In neighboring Miyagi Prefecture is the Daigyoji temple, on Mount Tomiyama, in the town of Matsushima. It has been a center of worship for some 1,200 years, and many spirits are said to be wandering here; the temple bell rings by itself even when there is no wind or anyone around. The bell is most likely to ring between one and two in the morning. Also heard at night is the sound of water being taken up and poured from the famous well, Suigetsu, in the temple grounds. Again, there is nobody there, although the head monk, Inatomi Koun, tells the story of how one night he went to investigate the sound and saw, standing at the well, a young woman who then disappeared. In addition, he recalls that one evening, around eight o’clock, he watched as a fireball about thirty centimeters in diameter approached from the outer gate, and headed toward him. The fireball veered upward and flew into the main temple building.

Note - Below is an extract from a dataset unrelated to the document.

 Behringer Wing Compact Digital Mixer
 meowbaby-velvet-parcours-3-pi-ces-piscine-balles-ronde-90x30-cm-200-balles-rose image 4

Beginning in 1985, there was a problem of haunting at a large apartment building constructed approximately eight minutes or so away by foot from Kanazawa Hakkei Station. The mansion was reportedly b
uilt on the east ruins of the Jokoji temple, where there were more than forty tombs dating back to the Middle Ages. Numerous strange happenings have been reported in the area. A ghost wearing armor appeared in a certain room at night. A woman in another spot was visited at night by the dark figure of a large man beside her bed. For some reason she was unafraid, because she felt he was trying to ask her something, but when she tried to use her voice, she could not. Another time, the temple’s deputy head monk, Kurata Shoin, was walking with his four-year-old nephew on the hill behind the ruins, when the little boy suddenly became deathly afraid and grabbed his uncle. A man living in the neighborhood was walking his dog, when, she, too, became terrified near the ruins and ran away to safety. The monk felt that children and perhaps also animals, have special psychic power which enables them to sense the presence of spirits. Intriguingly enough, there was considerable controversy over the building’s construction, especially after several hundred human bones were dug up from the ruins. A number of people strongly in favor of the construction reportedly died suddenly of unknown causes, or met with serious accidents. But construction of the mansion was eventually completed in 1988, and a prayer service held, asking the spirits not to haunt the residents. So far they have honored this request.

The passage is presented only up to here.